My Croydon – southern powerhouse

By - Wednesday 24th January, 2018

Make our borough great again – by making it fit for purpose

Photo public domain.

When I arrived as an incomer to Croydon twenty-five years ago, the place struck me as eminently fit for human habitation. It offered excellent mobility – both social and physical. You could be in London in the time it took to read a morning paper, or be out in the open countryside even sooner. From this famously derided dormitory suburb, so many had stirred from dreamy back bedrooms to surprise the world: R. F. Delderfield, D. H. Lawrence, Samuel Coleridge-Taylor, David Lean, Peggy Ashcroft, Amy Johnson, Kate Moss and C. B. Fry.

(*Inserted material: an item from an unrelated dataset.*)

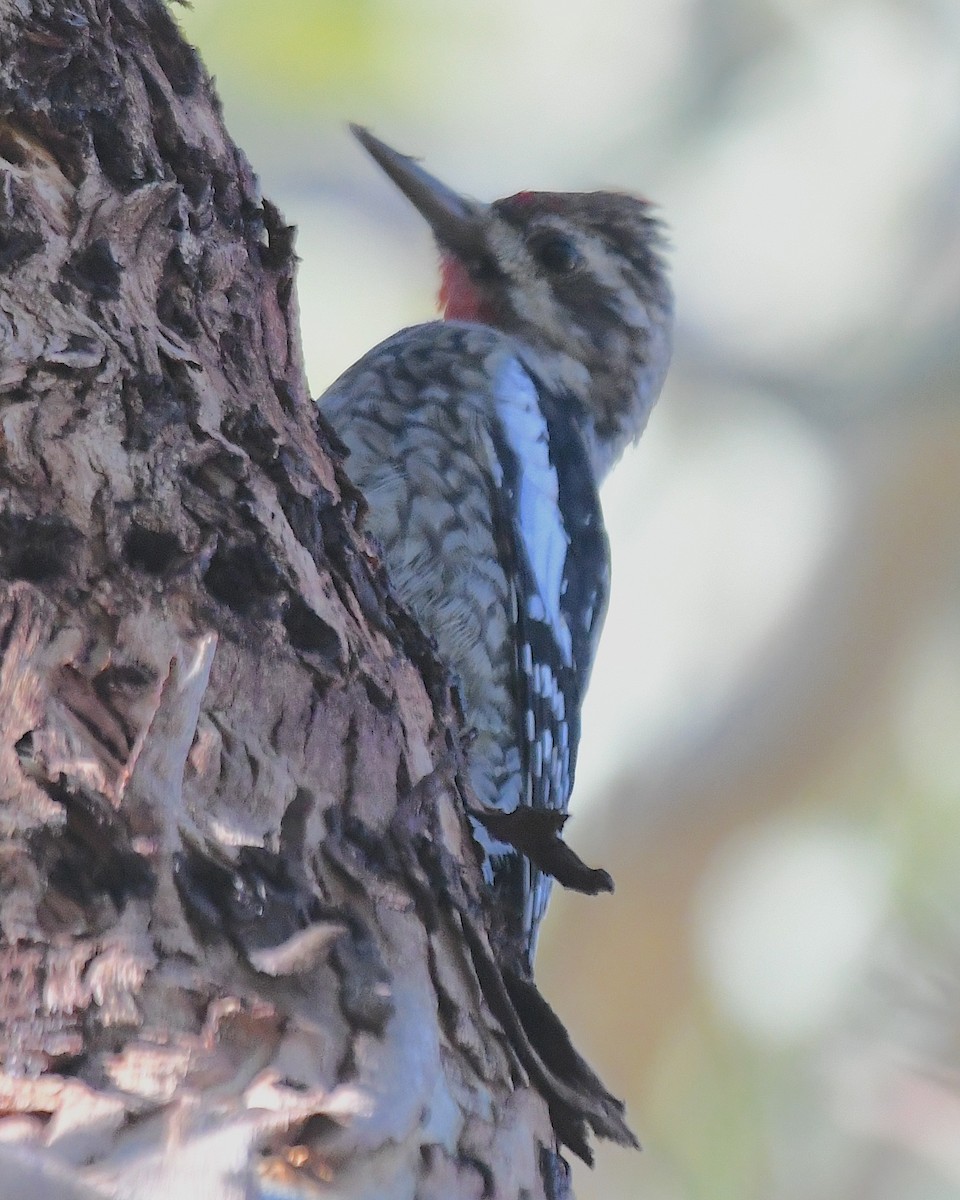 Yellow-bellied Sapsucker - ML627842308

There were birds in the trees, foxes on the lawns, pheasants in the allotments, the occasional deer in Lloyd Park and engagingly batty dog walkers in the streets, which rang (as they still do) with those lyrical Sarf London refrains: ‘Y’know wha’ I mean? and ‘Vis is doin’ my ‘ead in!’. This was the hardening underbelly of a great capital and a resurgent England, the old market town with greatness thrust upon it by the relocation of much of the insurance industry in the ’60s and ’70s, and the ever-rolling stream of immigrants, the parade of nations passing by to Lunar House, buoyed by the hopes and fears of a British dream so powerful that nothing could check the beacon beam of its momentum.

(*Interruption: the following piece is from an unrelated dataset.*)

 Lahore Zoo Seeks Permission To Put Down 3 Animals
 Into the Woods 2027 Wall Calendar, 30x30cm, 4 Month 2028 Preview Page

The environs of the town are no longer the rural idyll which Betjeman’s Uncle Dick left once for all. The menace of change and decay now prompt an urgent urge to action to transform the place into the magnet for new businesses and jobs and modern living, which it must become. Straining after city status, it yet falls short of claiming that crown. Too long the plaything of architects and town planners, Croydon now faces a radical reconstruction. With no more ski jumps set to adorn the roofs of multi-storey car parks nor flutterings of coloured lights to waken early morning commuters, the city centre is about to have its heart ripped out, much like Glasgow’s Sauchiehall Street in the ’70s. The ghosts of Grants and Allders and the old variety theatres linger in the mind’s eye. The dead urban spaces of St George’s Walk and College Green cry out for animation. Fairfield Halls are under threat of extinction if they close for two years for refurbishing. I first visited in the early ’60s for a poetry reading – fifty years later, I find myself reading my own poems there as part of the Chinese New Year celebrations.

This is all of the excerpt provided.